Akin is honored to continue sharing profiles of the remarkable group of artists from our inaugural cohort. We have posted profiles of some of the artists throughout the summer and will continue until mid September; you can click here to see previous posts. Today we are happy to share profiles of three of the Year 1 artists, Jennifer Dany Aubé, Su Bin Ee and Sara Mozafari.
Jennifer Dany Aubé
Jennifer Dany Aubé grew up in Hamilton, and studied fine arts at the University of Quebec. She was recognized as one of the emerging artists of the region upon graduation. Since Jennifer has travelled extensively, lived in India for 1.5 years, studied Yoga and volunteered at several yoga ashrams for several years. These experiences greatly influenced her art. Her artistic explorations started by experimenting with various textures to abstractly evoke the different textures that exist within the body. Removing the skin from the imagery removes the external focus of gender, race and physical beauty, to reveal the inner spirit that lies within the flesh.
As her Yoga practice grew, the aesthetics of her works changed, and her gestural movements became pregnant with more meaning. Jennifer’s recent works are called Yantras, sacred forms in which energies are held, and a visual tool used during meditation. Her work aims to ‘scratch the surface and reveal the light underneath’.
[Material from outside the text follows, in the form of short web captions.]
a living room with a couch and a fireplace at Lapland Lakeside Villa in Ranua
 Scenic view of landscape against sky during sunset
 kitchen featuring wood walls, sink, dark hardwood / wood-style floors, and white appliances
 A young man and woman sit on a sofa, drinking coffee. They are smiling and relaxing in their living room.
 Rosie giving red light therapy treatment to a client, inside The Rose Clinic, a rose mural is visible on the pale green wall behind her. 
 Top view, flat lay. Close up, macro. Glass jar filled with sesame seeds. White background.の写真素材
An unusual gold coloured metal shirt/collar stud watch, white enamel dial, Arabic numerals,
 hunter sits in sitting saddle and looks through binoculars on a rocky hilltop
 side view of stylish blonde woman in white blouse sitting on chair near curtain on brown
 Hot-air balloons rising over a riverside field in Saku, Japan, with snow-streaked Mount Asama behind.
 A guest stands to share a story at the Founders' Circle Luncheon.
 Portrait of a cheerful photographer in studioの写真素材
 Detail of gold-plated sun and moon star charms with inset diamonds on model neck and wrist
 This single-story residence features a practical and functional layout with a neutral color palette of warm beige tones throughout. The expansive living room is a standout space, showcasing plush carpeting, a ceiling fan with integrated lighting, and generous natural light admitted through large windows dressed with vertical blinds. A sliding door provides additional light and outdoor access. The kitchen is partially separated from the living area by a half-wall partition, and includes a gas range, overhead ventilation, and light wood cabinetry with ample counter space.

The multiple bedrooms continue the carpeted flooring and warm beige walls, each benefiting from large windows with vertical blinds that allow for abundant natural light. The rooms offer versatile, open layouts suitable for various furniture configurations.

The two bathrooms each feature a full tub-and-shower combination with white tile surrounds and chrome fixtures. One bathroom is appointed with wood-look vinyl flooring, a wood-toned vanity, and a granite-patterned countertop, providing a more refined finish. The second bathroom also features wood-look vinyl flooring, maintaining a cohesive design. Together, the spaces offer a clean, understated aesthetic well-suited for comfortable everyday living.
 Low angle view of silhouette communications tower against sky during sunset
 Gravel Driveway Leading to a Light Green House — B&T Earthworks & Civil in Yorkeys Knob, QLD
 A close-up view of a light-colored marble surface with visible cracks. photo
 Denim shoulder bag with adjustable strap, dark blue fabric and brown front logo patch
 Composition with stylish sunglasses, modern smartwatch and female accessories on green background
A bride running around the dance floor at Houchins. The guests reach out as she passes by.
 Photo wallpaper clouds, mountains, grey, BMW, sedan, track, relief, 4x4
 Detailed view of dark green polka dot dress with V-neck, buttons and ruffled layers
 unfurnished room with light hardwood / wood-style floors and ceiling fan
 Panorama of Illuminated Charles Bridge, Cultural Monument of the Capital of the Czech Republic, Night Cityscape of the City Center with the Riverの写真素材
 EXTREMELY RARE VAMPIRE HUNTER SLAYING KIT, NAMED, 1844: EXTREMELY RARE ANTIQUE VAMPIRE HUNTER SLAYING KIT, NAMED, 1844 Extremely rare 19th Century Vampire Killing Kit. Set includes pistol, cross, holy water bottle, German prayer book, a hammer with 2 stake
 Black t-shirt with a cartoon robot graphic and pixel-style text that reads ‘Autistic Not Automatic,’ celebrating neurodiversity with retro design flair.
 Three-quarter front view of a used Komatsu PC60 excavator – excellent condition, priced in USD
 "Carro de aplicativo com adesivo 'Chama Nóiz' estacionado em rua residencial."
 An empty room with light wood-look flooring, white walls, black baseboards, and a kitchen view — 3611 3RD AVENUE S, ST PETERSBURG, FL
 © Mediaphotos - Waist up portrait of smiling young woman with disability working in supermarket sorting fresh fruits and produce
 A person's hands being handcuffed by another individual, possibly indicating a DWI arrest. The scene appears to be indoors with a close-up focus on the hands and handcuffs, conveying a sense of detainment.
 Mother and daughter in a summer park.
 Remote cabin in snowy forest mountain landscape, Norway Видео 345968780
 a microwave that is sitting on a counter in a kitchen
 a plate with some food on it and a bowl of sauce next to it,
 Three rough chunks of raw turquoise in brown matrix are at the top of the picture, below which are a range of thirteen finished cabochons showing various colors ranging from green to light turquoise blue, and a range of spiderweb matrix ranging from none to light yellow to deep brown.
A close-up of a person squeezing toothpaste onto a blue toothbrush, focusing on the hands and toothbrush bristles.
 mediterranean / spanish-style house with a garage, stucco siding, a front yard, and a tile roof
Drawing is a primary practice in Subin Ee’s work. She sees drawing as a form of a language: an instinctual language, that does not require a symbolic syntax like a spoken language. However, it is similar in a sense that it is also immediate. In her drawings, Subin’s body is translated into lines and shapes. Her primary goal is to capture a fleeting moment. Her drawings therefore reflect the presence of her body through gestural mark making. She lays down multiple of layers using hard ground mediums such as charcoal, india ink, and black pastels, then she starts to erase the image. She will scrape the image, pour water and oil, scratch with a fork, apply gesso and white charcoal. The result is a collaborative image with herself, paper, mediums, and the surface that she lays the piece onto.
She is interested in the life of the drawings after completion. When the drawings are installed, the piece is capable of having conversations with the viewers.
Sara Mozafari was born in Tehran, Iran, in 1981. Having grown up through the war between Iran and Iraq, and the suppression of the political and social activists, religious minorities, and women, social issues became the primary concern in her life and they were reflected on her artworks. Naturally, she was drawn to oil painting and had her first group exhibition in 2000 in Iran. She started studying Fine Arts Studio at Centennial College after she moved to Toronto. It was then when she was introduced to sculpture and installation art and noticed the significance of space in expressing an idea and experiencing an art piece. That led her to continue her study in Architectural Studies and Visual Studies at the University of Toronto and graduated with distinction in 2017.
Although in all these years she explored and applied different mediums, techniques, and styles to create artworks, she has found common ground which ties all the forms of art that she has exposed to, and that is Iranian social and political issues in a way she has experienced them.
You can see work by Jennifer, Subin and Sara from now until–September 8, 2019 at the Museum of Contemporary Art Toronto Canada (MOCA) as a part of An Index. The exhibition An Index comprises work in a variety of media from sculpture, to video, to new wall murals by the first cohort of Akin residency artists who entered the year-long studio programme in September 2018.
While the participating artists’ practices range widely in terms of conceptual approach, style and media; they have also been influenced to some degree by the experience of sharing and conversing within an open-plan studio structure for the last nine months.